Install required libraries (only if the libraries have not been installed before):
installed <- rownames(installed.packages())
required <- c(
"tidyverse",
"tidylog",
"magrittr",
"here",
"janitor",
"digest",
"stringr"
)
if (!all(required %in% installed)) {
install.packages(required[!required %in% installed])
}
Load libraries:
library(tidyverse) # To do data science
library(tidylog) # To provide feedback on dplyr functions
library(magrittr) # To use %<>% pipes
library(here) # To find files
library(janitor) # To clean input data
library(digest) # To generate hashes
library(stringr) # To work with strings
Create a data frame input_data
from the source data:
input_data <- read_tsv(
file = here("data", "raw", "input_taxa.tsv"),
show_col_types = FALSE
)
Preview data:
input_data %>% head(n = 5)
Replace Hydrocotyle ranunculoides with Hydrocotyle ranunculoides L.fil. to improve the match to GBIF Backbone (see issue #17):
input_data <-
input_data %>%
mutate(scientific_name = ifelse(
.data$scientific_name == "Hydrocotyle ranunculoides",
"Hydrocotyle ranunculoides L.fil.",
.data$scientific_name))
## mutate: changed one value (3%) of 'scientific_name' (0 new NA)
For the same reason, we add the authorship to Zizania latifolia (for more info, see issue #4718 in the Github’s GBIF portal feedback repository):
input_data <-
input_data %>%
mutate(scientific_name = ifelse(
.data$scientific_name == "Zizania latifolia",
"Zizania latifolia (Griseb.) Hance ex F.Muell.",
.data$scientific_name))
## mutate: changed one value (3%) of 'scientific_name' (0 new NA)
We reshape the vernacular names columns by creating two columns:
vernacular_name
and language
:
input_data %<>% pivot_longer(
cols= starts_with("vernacular"),
names_to = c("language"),
names_prefix = "vernacular_name_",
values_to = "vernacular_name"
)
## pivot_longer: reorganized (vernacular_name_en, vernacular_name_nl, vernacular_name_fr) into (language, vernacular_name) [was 30x11, now 90x10]
Preview:
input_data %>% head(10)
Some taxa have multiple vernacular names divided by
" / "
:
input_data %>% filter(
str_detect(.data$vernacular_name, pattern = " / ")
)
## filter: removed 86 rows (96%), 4 rows remaining
We split them in separate rows:
input_data %<>% separate_rows(vernacular_name, sep = " / ")
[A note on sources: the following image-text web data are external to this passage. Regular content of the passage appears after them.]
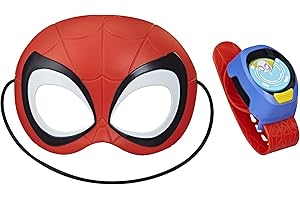 Spidey and His Amazing Friends Spidey Comm-Link Wristband and Mask Set, Marvel Preschool Super Hero Toys, Kids Christmas Gifts, Ages 3+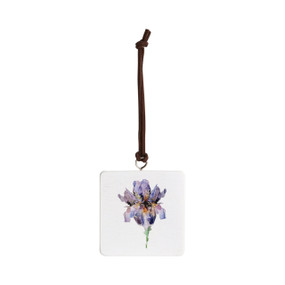 Iris Ornament - Bone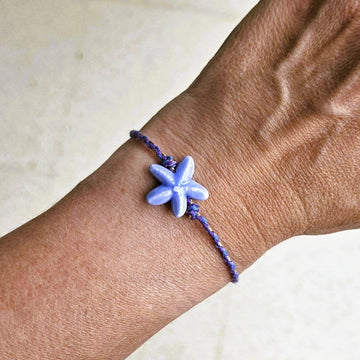 LYSEBLÅ SØSTJERNE Charm Armbånd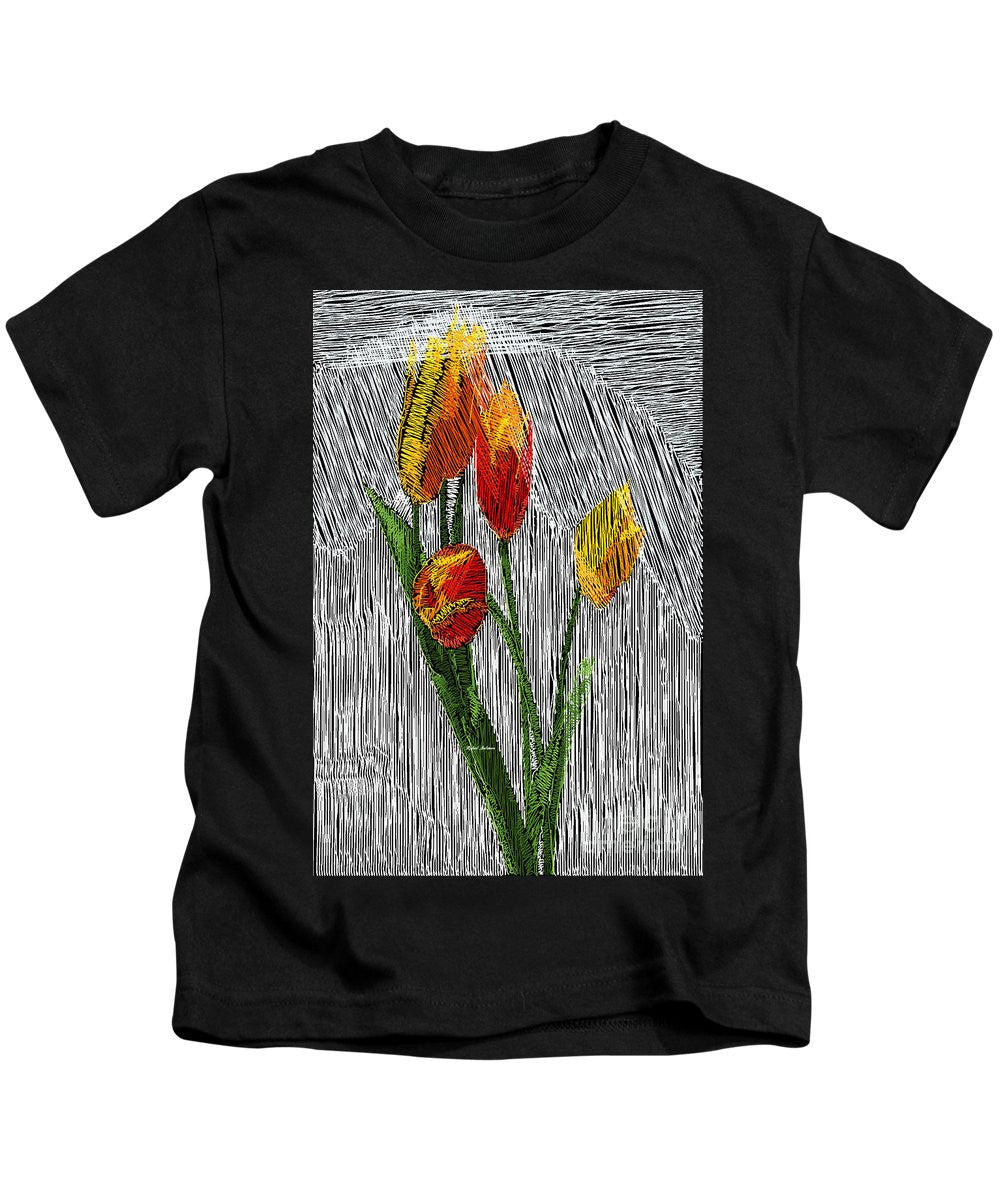 Kids T-Shirt - Yellow Tulips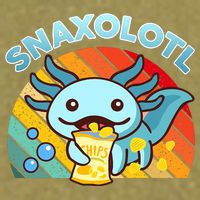 Snaxolotl Cute Axolotl- I Axolotl Questions Funny Garment-Dyed Women's Muscle Tee
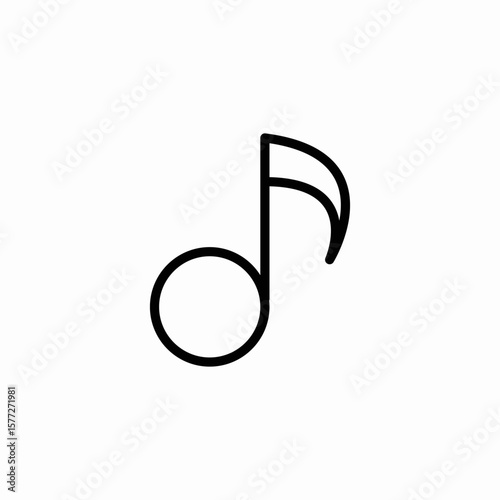 music note icon sign vector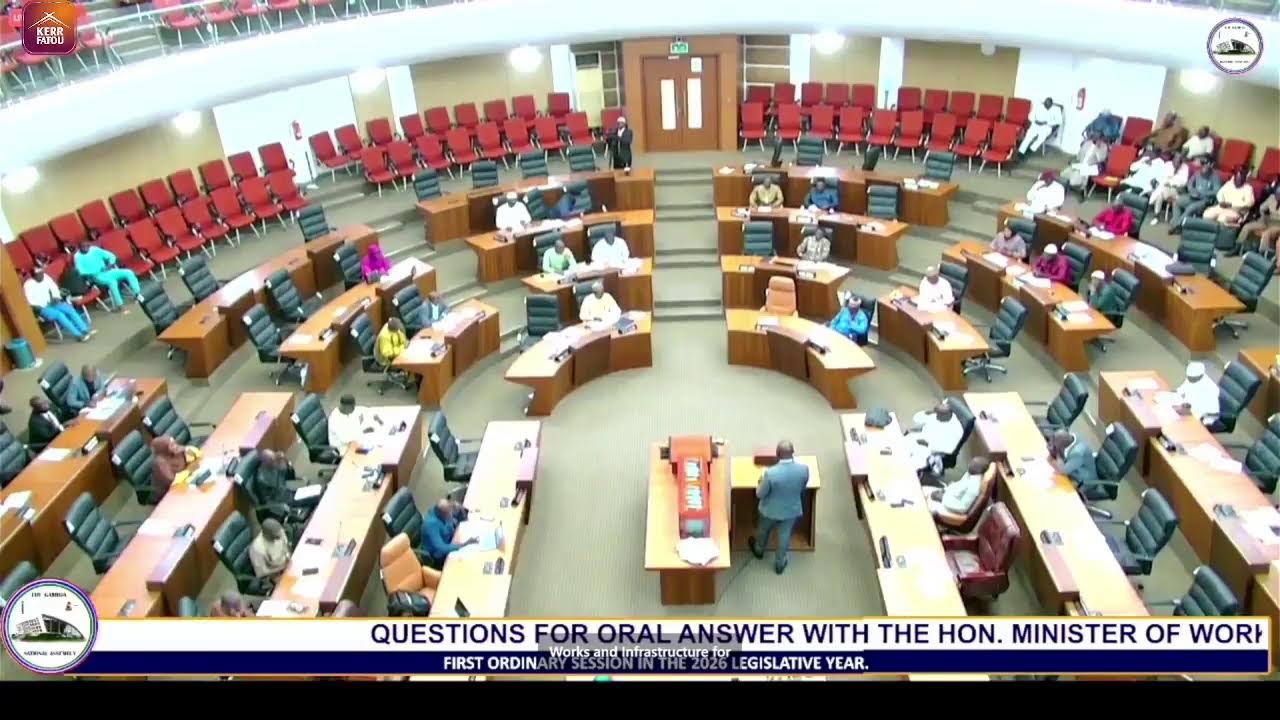FIRST ORDINARY SESSION IN THE 2026 LEGISLATIVE YEAR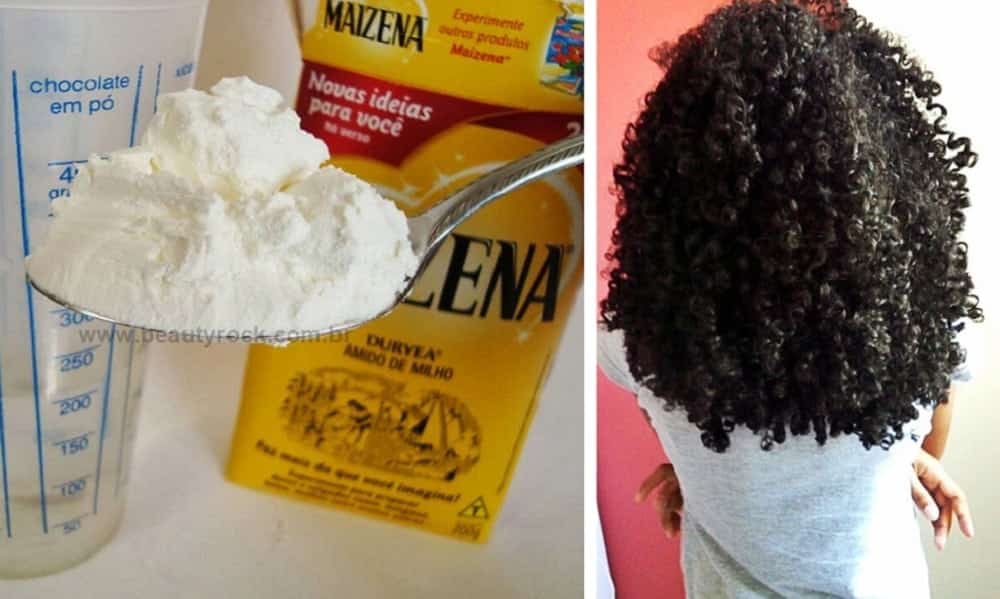 hidratação de maizena crua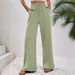 European And American Women's Fashion 2025 Spring Summer New Versatile Solid Color Floor-Length_ecoleips.com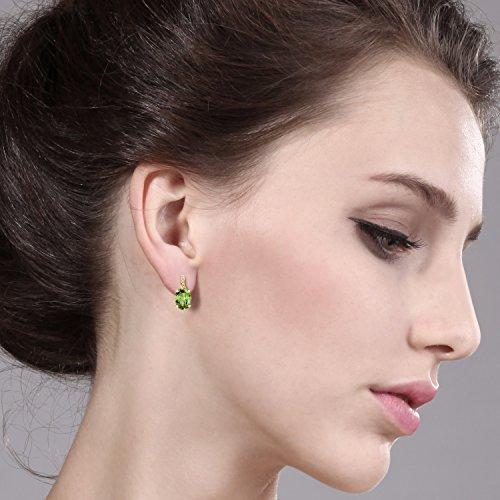 最新 Gem Stone King 2.67カラット 天然石 ペリドット ピアス レディース 天然 ダイヤモンド 10金 イエローゴールド(K10) 並行輸入品 【QGW8296481208】(29682円)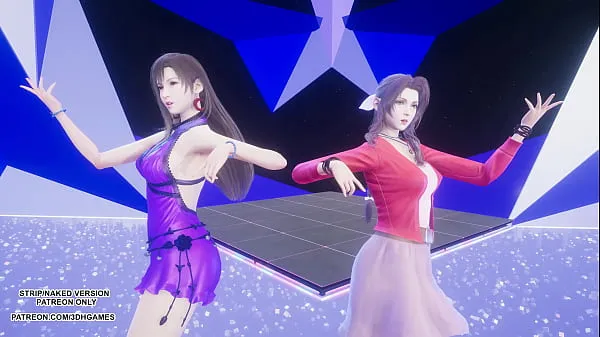 MMD] TAEYEON - INVU Aerith Tifa Lockhart Hot Kpop Dance Final Fantasy Uncensored Hentai Video baru yang besar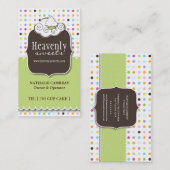 Fun en Whimsical Cupcake | Bakkerij-Visitekaartje Visitekaartje (Voorkant / Achterkant)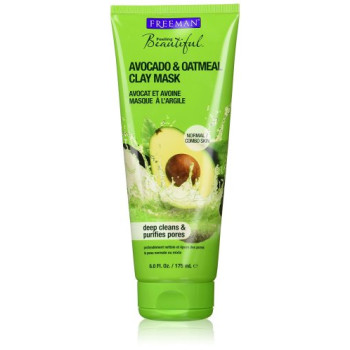 Freeman Beauty, Avocado & Oatmeal Facial Clay Mask - 6 oz.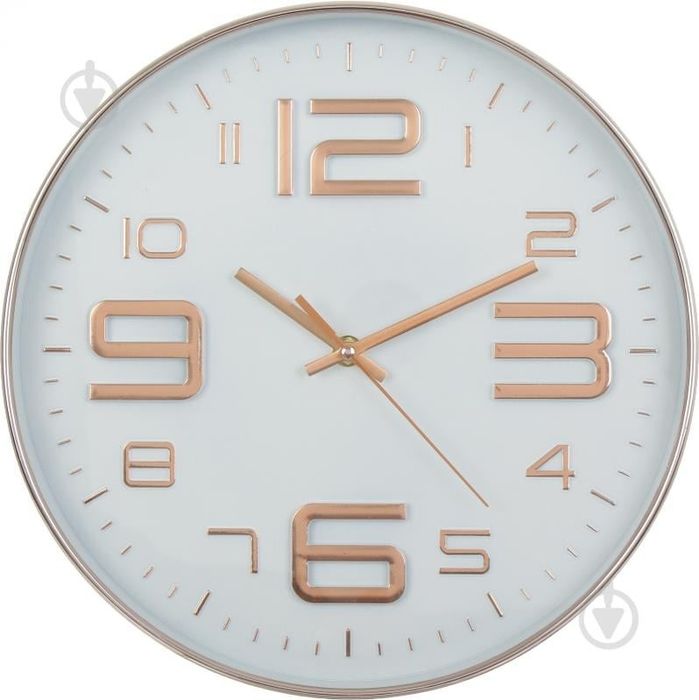 Настінний годинник Модерн 30,5 см рожеве золото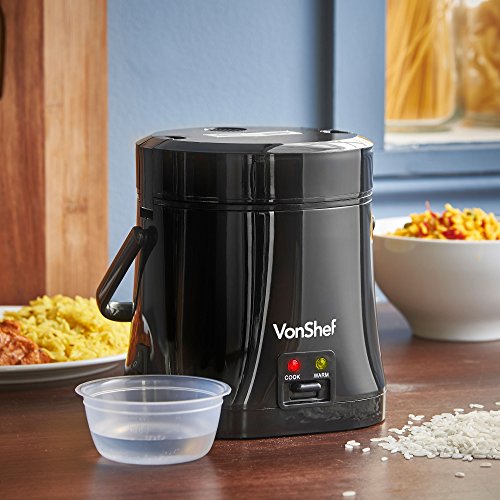 VonShef - Vaporizador de arroz con olla antiadherente y operación con un solo toque - Arroz perfecto en minutos para una o dos personas - 0,3 l, 200 W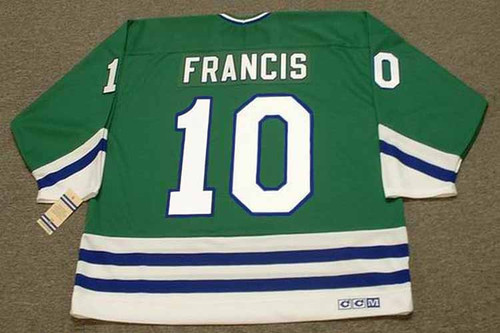 VINTAGE MADE IN CANADA CCM HARTFORD WHALERS HOCKEY JERSEY IN SIZE L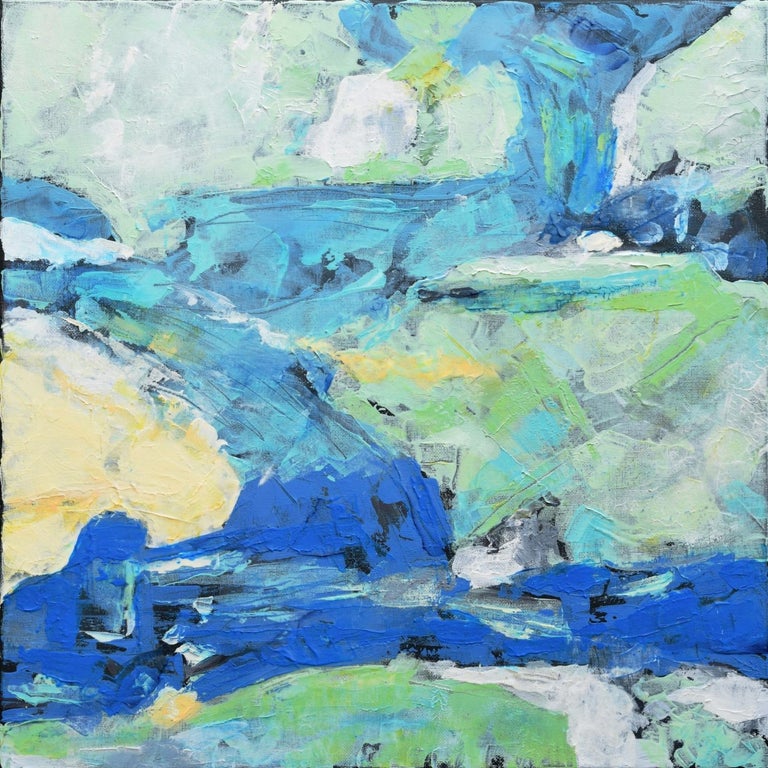 Andrew Francis Weight Of Air Ii Contemporary Encaustic Painting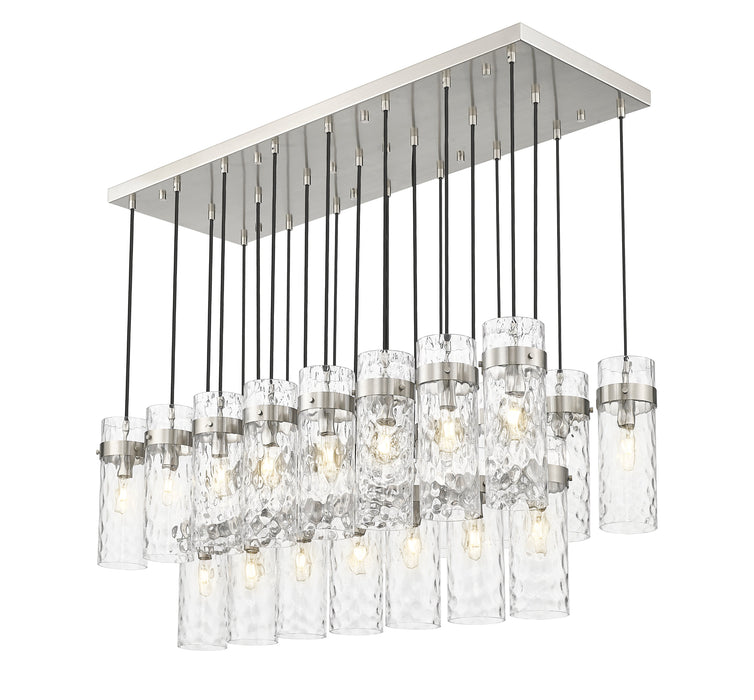 Linear Chandelier Z-Lite 7002P5-23L-BN Brushed Nickel Fontaine 23 Light Linear Chandelier Z-Lite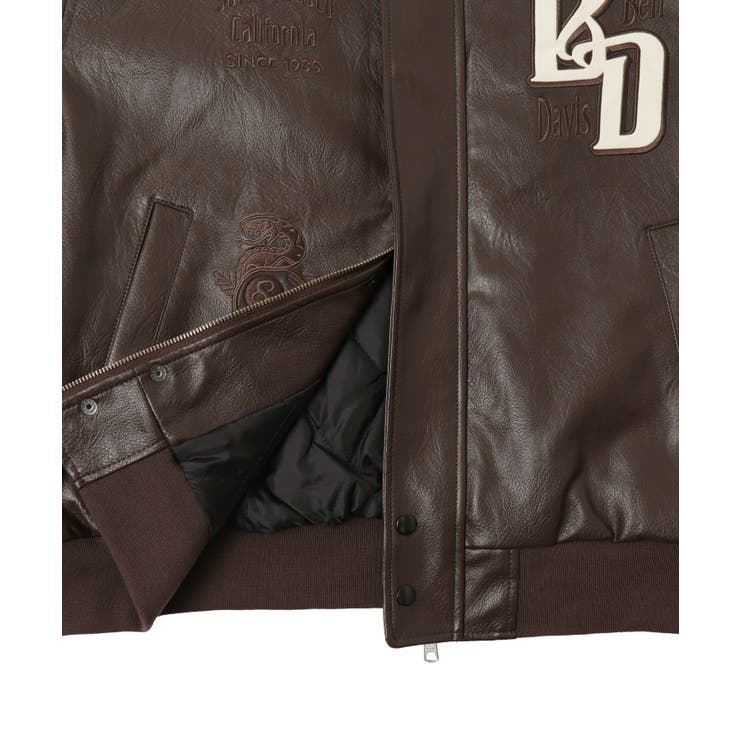 BENDAVISグラフィックレザージャケット | WEGO【MEN】 | 詳細画像13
The input data are now tidy:
input_data
To link taxa with information in the extension(s), each taxon needs a
unique and relatively stable taxonID
. Here we create one in
the form of dataset_shortname:taxon:hash
, where
hash
is unique code based on scientific name and kingdom
(that will remain the same as long as scientific name and kingdom remain
the same):
vdigest <- Vectorize(digest) # Vectorize digest function to work with vectors
input_data %<>% mutate(taxon_id = paste(
"riparias-target-list",
"taxon",
vdigest(paste(scientific_name, kingdom), algo = "md5"),
sep = ":"
))
## mutate: new variable 'taxon_id' (character) with 30 unique values and 0% NA
Show the number of taxa and distributions per kingdom:
input_data %>%
group_by(kingdom) %>%
summarize(
`# taxa` = n_distinct(taxon_id),
`# rows` = n()
) %>%
adorn_totals("row")
## group_by: one grouping variable (kingdom)
## summarize: now 2 rows and 3 columns, ungrouped
Preview data:
input_data %>% head()
Create a dataframe with unique taxa only (ignoring eventual multiple distribution rows):
taxon <- input_data %>% distinct(taxon_id, .keep_all = TRUE)
## distinct: removed 64 rows (68%), 30 rows remaining
Map the data to Darwin Core Taxon.
Start with record-level terms which contain metadata about the dataset (which is generally the same for all records).
taxon %<>% mutate(dwc_language = "en")
## mutate: new variable 'dwc_language' (character) with one unique value and 0% NA
taxon %<>% mutate(dwc_license = "https://creativecommons.org/publicdomain/zero/1.0/")
## mutate: new variable 'dwc_license' (character) with one unique value and 0% NA
taxon %<>% mutate(dwc_rightsHolder = "INBO")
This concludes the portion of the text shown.